### TASK
Starting at the line that contains "квартиры, 68.50 м²", reproduce every line through the end of the entries below, with no pictures in the copy.

### INPUT
Segment Open
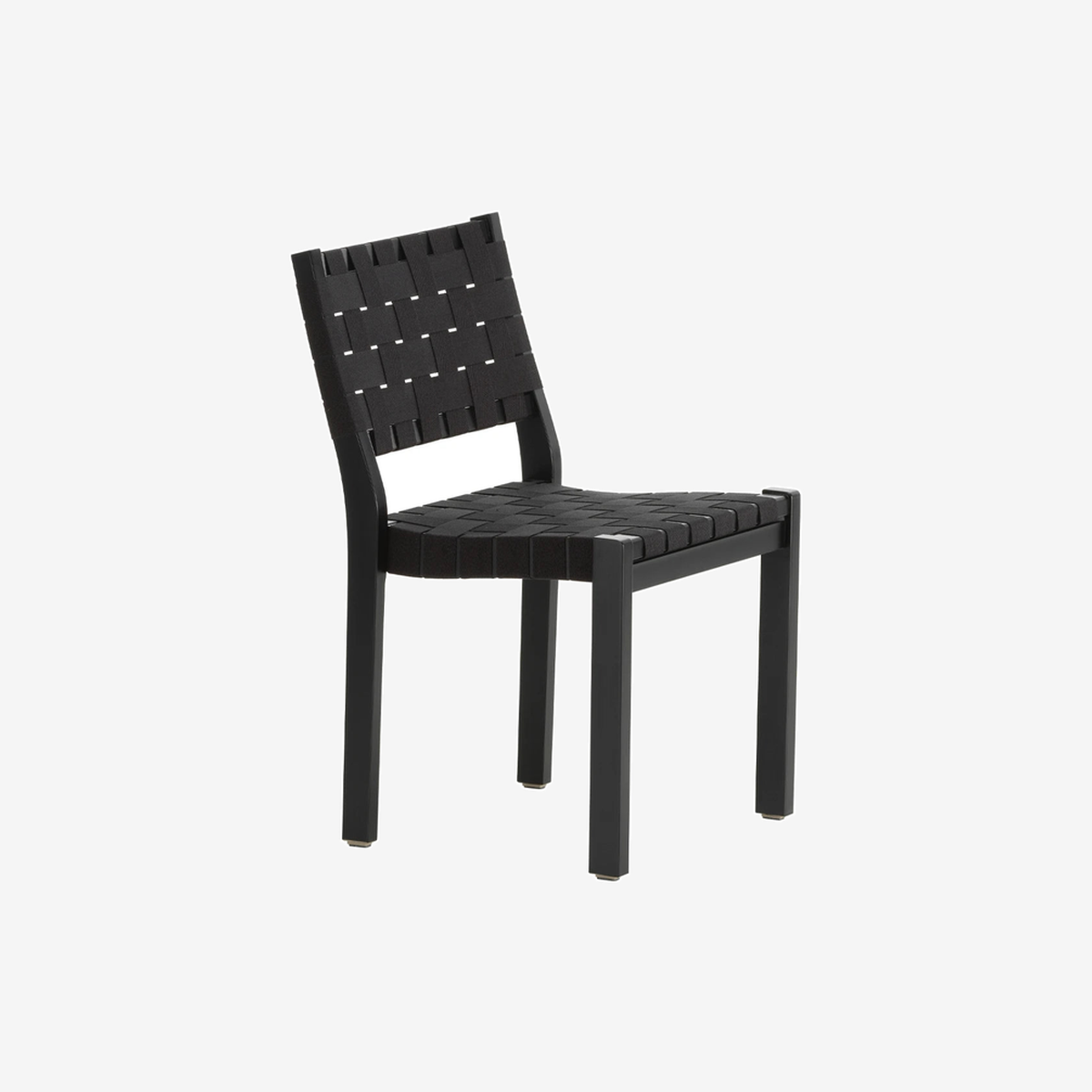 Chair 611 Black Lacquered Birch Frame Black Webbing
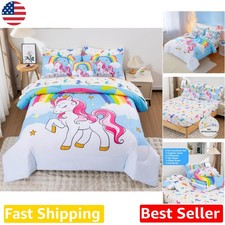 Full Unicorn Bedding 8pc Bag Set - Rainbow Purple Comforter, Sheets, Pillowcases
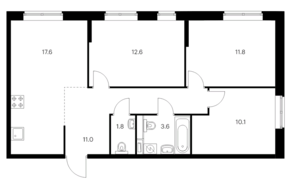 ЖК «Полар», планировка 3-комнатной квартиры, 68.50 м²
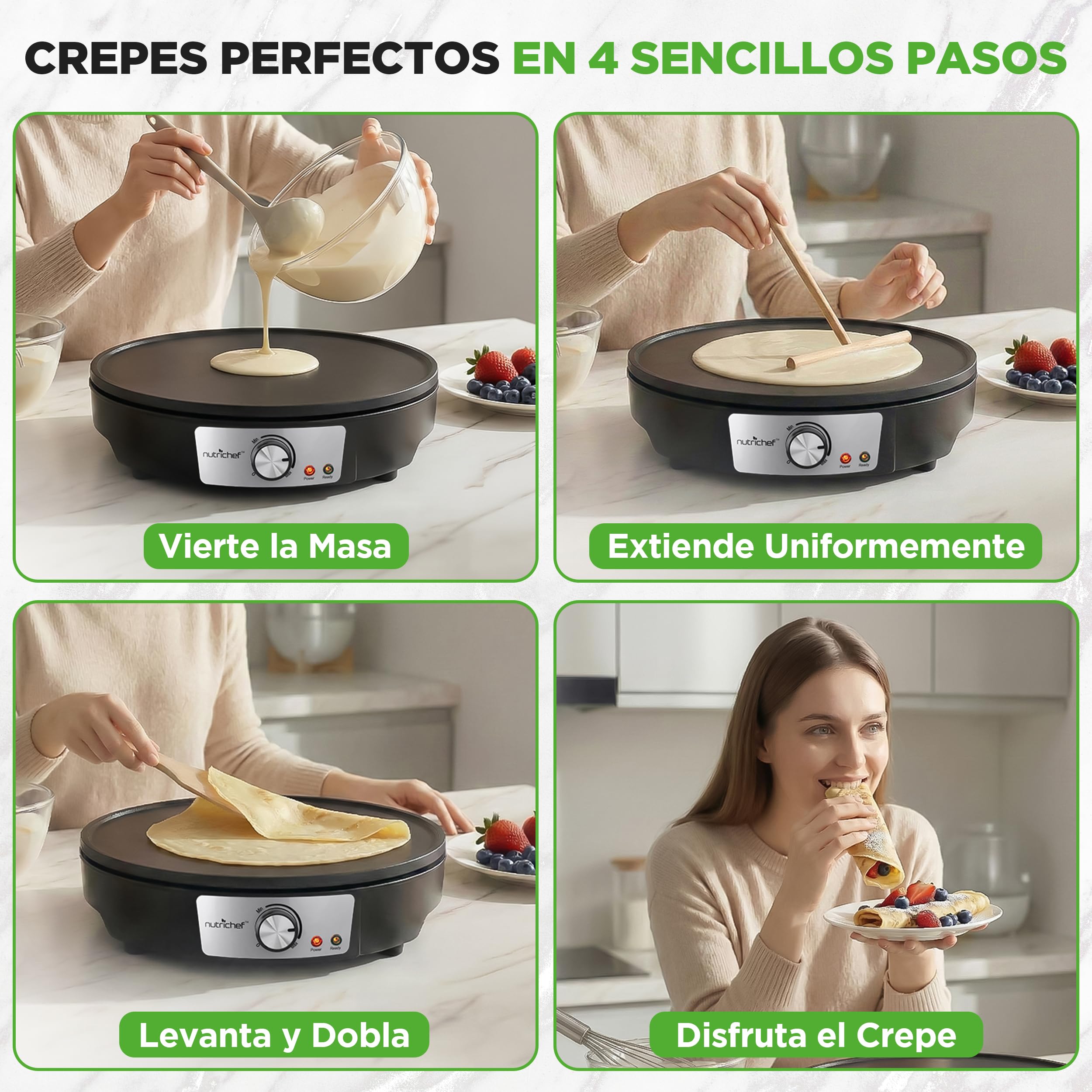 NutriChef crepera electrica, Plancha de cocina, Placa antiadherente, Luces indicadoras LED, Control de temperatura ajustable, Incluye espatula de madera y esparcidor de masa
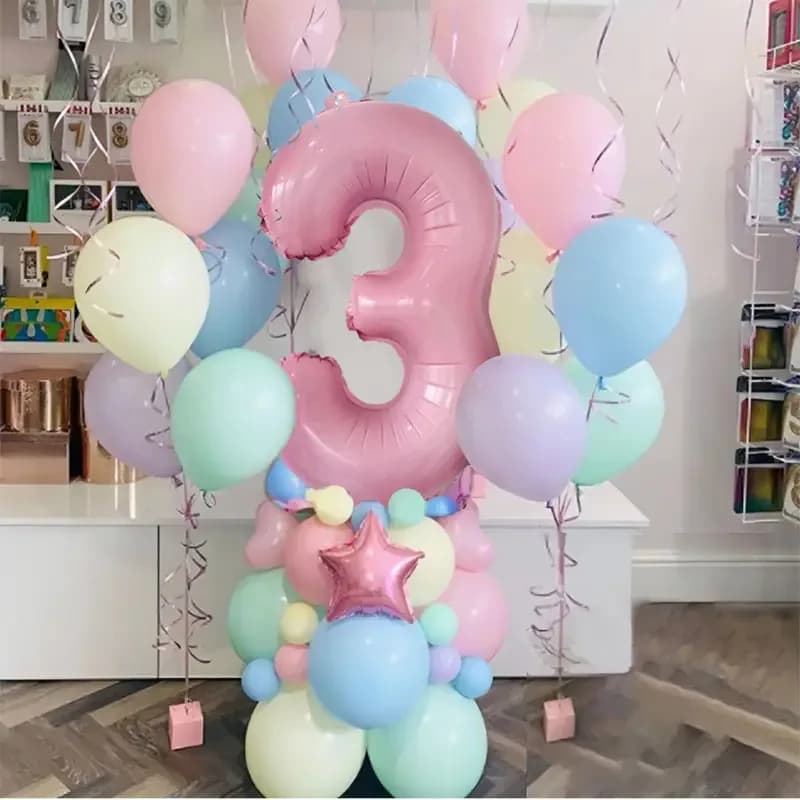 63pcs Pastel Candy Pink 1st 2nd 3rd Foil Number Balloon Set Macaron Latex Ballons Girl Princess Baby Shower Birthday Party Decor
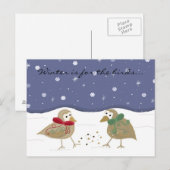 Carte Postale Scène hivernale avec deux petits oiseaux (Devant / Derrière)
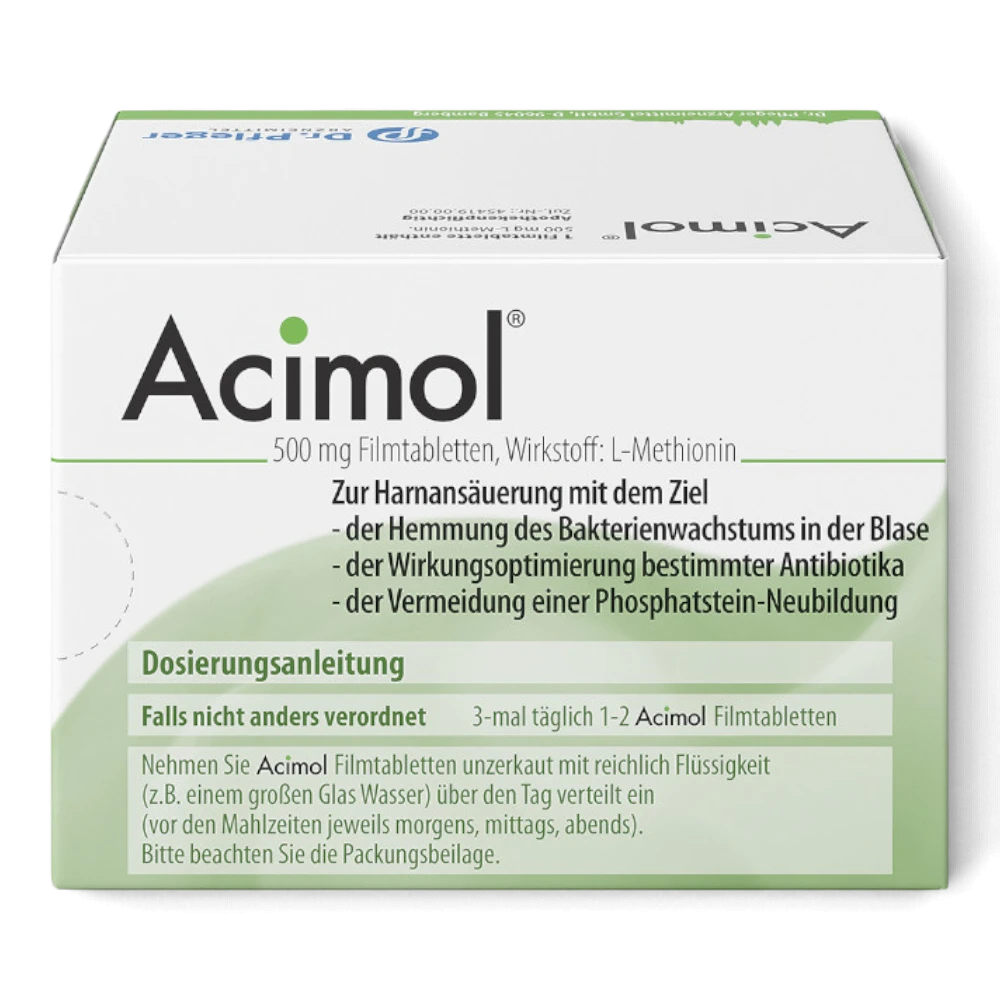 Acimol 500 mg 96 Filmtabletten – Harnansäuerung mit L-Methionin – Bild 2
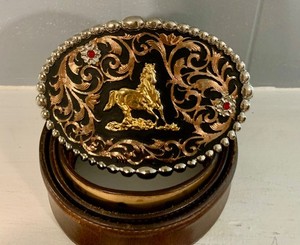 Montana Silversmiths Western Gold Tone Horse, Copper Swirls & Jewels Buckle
Segment Closed
### RESPONSE AREA
 ЖК «Полар», планировка 3-комнатной квартиры, 68.50 м²
 NutriChef crepera electrica, Plancha de cocina, Placa antiadherente, Luces indicadoras LED, Control de temperatura ajustable, Incluye espatula de madera y esparcidor de masa
 63pcs Pastel Candy Pink 1st 2nd 3rd Foil Number Balloon Set Macaron Latex Ballons Girl Princess Baby Shower Birthday Party Decor
 Carte Postale Scène hivernale avec deux petits oiseaux (Devant / Derrière)
 Acimol 500 mg 96 Filmtabletten – Harnansäuerung mit L-Methionin – Bild 2
 Montana Silversmiths Western Gold Tone Horse, Copper Swirls & Jewels Buckle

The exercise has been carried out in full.